Taxpayers, small-business owners, and developers will be able to access and analyze federal rules more easily because agencies must publish regulations in machine-readable formats.
Taxpayers and federal employees will see greater transparency and accountability because agencies are required to produce and implement concrete retrospective-review plans.
Small-business owners and taxpayers could face lower compliance costs over time because agencies will receive guidance and training to use AI and algorithmic tools to identify outdated or redundant regulations.
Taxpayers and small-business owners could face privacy and data-security risks if agencies process sensitive information when using AI and algorithmic tools without adequate safeguards.
Federal, state, and local government employees could be forced to rush reviews and make oversight errors because of short implementation deadlines (e.g., 180 days) to implement plans.
Federal employees and taxpayers may face higher costs because agencies must allocate staff time and funds to develop plans, training, and technology, potentially diverting resources from other services.
Based on analysis of 2 sections of legislative text.
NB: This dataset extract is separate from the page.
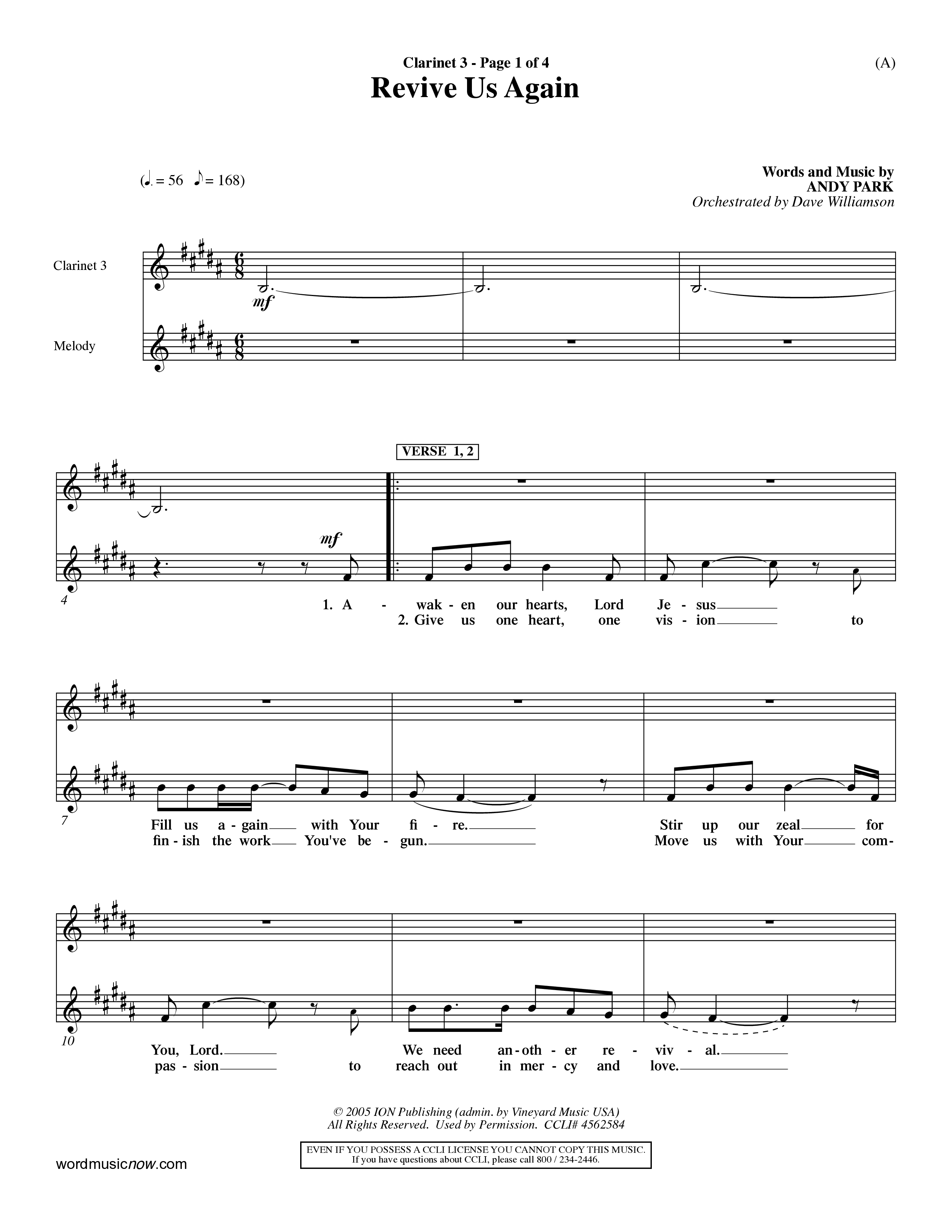 Revive Us Again (Choral Anthem SATB) Clarinet 3 (Word Music Choral / Orch. Dave Williamson)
Introduced February 20, 2025 by Mike Lee · Last progress February 20, 2025
Requires OMB (through OIRA), working with the Government Publishing Office, the Archivist, and the Director of the Federal Register, to report within 180 days on how agency regulations are available in machine-readable formats and on recognition of the electronic Code of Federal Regulations. Directs OMB to issue guidance within 18 months on using technology (including algorithmic tools and AI) for retrospective regulatory review and for training agency staff, to require each agency to submit a plan within 2 years to implement that guidance identifying rules for review, and to require agencies to begin implementing each plan within 180 days after submission. The bill focuses on making regulations easier to use in data form, encouraging agencies to use modern technology for reviewing existing rules, and forcing timed planning and implementation by agencies; it sets deadlines but does not provide new funding or create criminal or civil penalties.